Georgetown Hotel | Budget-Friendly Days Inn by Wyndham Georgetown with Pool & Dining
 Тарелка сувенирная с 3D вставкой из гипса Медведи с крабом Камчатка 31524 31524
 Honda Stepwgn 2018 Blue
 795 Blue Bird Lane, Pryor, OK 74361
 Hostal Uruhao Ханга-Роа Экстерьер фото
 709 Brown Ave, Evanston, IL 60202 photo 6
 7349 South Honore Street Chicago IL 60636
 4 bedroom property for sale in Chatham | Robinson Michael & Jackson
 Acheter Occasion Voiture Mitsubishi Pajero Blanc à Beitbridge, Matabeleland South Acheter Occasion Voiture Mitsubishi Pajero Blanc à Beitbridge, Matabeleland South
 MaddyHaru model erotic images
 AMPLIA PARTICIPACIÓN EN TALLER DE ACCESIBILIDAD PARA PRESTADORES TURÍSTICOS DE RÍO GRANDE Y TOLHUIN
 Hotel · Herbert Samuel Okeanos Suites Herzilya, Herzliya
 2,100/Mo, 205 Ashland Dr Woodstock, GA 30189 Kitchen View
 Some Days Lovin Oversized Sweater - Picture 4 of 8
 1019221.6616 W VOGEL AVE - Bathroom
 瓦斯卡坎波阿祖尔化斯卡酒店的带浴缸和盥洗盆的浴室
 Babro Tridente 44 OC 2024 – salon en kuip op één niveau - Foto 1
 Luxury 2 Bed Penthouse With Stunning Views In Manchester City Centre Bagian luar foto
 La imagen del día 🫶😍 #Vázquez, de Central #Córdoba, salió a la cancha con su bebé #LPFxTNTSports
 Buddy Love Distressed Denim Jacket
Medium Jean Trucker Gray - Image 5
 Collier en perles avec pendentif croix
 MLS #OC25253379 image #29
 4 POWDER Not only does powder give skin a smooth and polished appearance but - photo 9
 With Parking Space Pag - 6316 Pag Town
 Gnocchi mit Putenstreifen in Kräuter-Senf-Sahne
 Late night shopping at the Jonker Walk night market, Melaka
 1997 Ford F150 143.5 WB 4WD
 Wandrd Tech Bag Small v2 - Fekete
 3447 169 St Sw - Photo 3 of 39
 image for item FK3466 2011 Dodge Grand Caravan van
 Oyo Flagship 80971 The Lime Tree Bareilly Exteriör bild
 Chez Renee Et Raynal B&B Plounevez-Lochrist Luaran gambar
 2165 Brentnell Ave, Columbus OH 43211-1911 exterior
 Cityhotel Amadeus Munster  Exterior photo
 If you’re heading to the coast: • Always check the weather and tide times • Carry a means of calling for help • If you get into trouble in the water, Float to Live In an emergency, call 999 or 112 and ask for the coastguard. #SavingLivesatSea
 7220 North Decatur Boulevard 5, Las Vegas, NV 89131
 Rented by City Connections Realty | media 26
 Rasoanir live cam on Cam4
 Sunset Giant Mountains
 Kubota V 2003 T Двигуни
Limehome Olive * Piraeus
═══
§ **Task**
Will you return exactly the lines above from the one with "Chez Renee Et" down to the one with "Sunset Giant Mountains", counting both as part of the range?

§ **Exercise answer**
 Chez Renee Et Raynal B&B Plounevez-Lochrist Luaran gambar
 2165 Brentnell Ave, Columbus OH 43211-1911 exterior
 Cityhotel Amadeus Munster  Exterior photo
 If you’re heading to the coast: • Always check the weather and tide times • Carry a means of calling for help • If you get into trouble in the water, Float to Live In an emergency, call 999 or 112 and ask for the coastguard. #SavingLivesatSea
 7220 North Decatur Boulevard 5, Las Vegas, NV 89131
 Rented by City Connections Realty | media 26
 Rasoanir live cam on Cam4
 Sunset Giant Mountains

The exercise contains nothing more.